===== RECORDS TO PROCESS
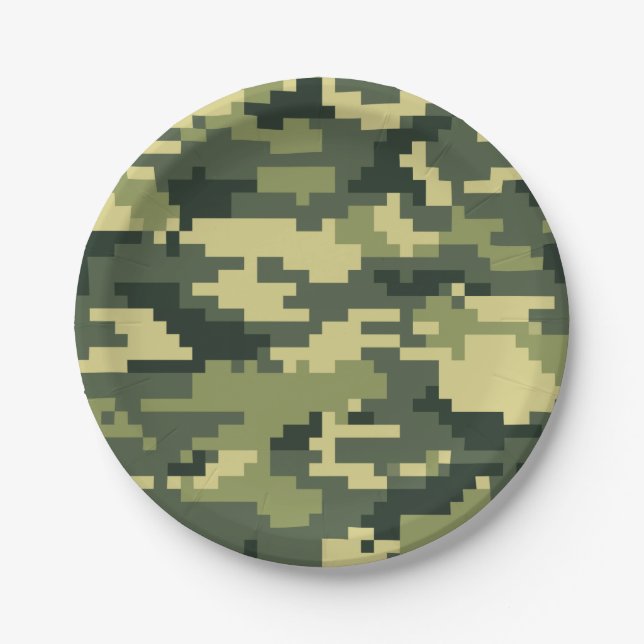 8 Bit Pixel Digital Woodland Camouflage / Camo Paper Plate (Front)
==========
===== RECORDS TO PROCESS
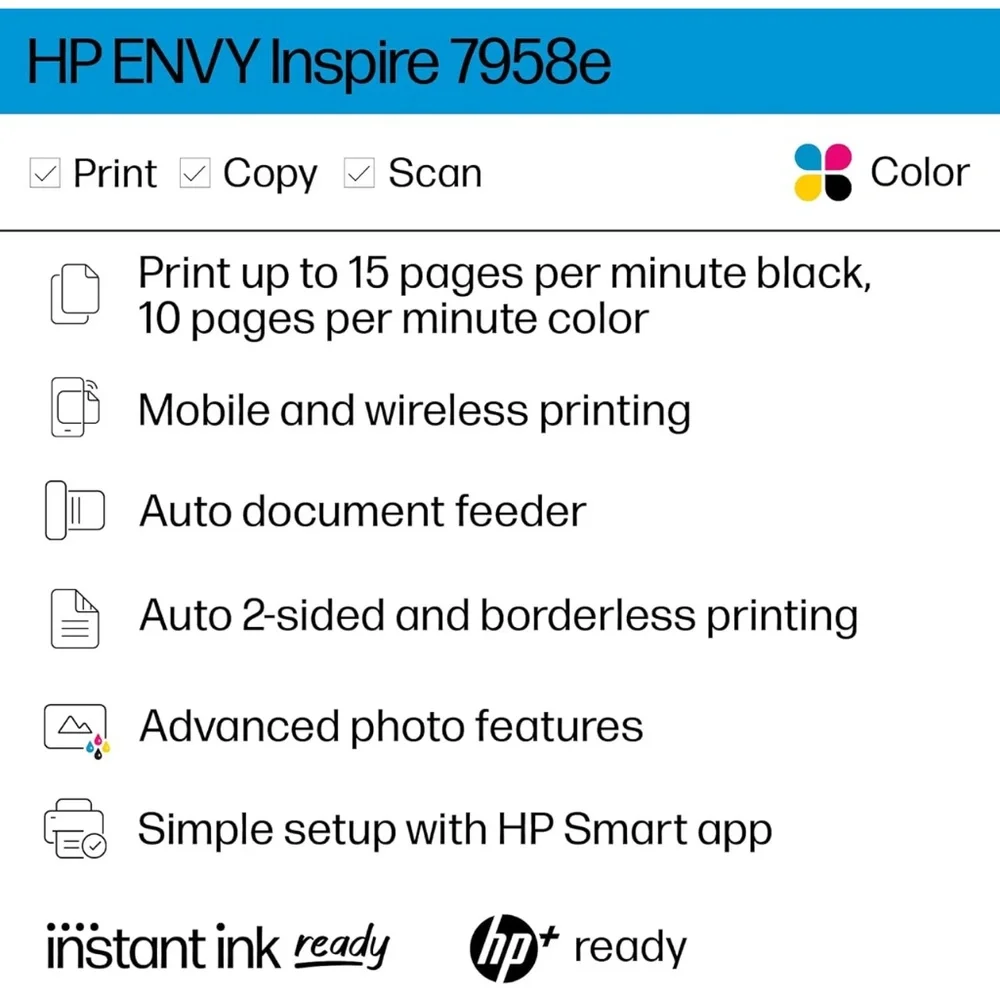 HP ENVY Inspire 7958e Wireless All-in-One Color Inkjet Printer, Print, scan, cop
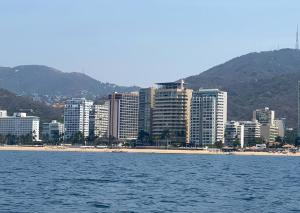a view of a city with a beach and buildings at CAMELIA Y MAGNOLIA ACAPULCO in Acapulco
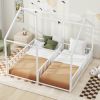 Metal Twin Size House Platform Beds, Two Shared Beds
==========
===== RECORDS TO PROCESS
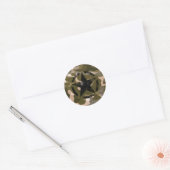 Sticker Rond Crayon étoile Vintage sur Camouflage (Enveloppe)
==========
TRY IT: Go back to the listing above and write out the lines starting at the one with "HP ENVY Inspire" and ending at the one with "Metal Twin Size", inclusive, exactly and without pictures.

WRITTEN RESPONSE:
 HP ENVY Inspire 7958e Wireless All-in-One Color Inkjet Printer, Print, scan, cop
a view of a city with a beach and buildings at CAMELIA Y MAGNOLIA ACAPULCO in Acapulco
 Metal Twin Size House Platform Beds, Two Shared Beds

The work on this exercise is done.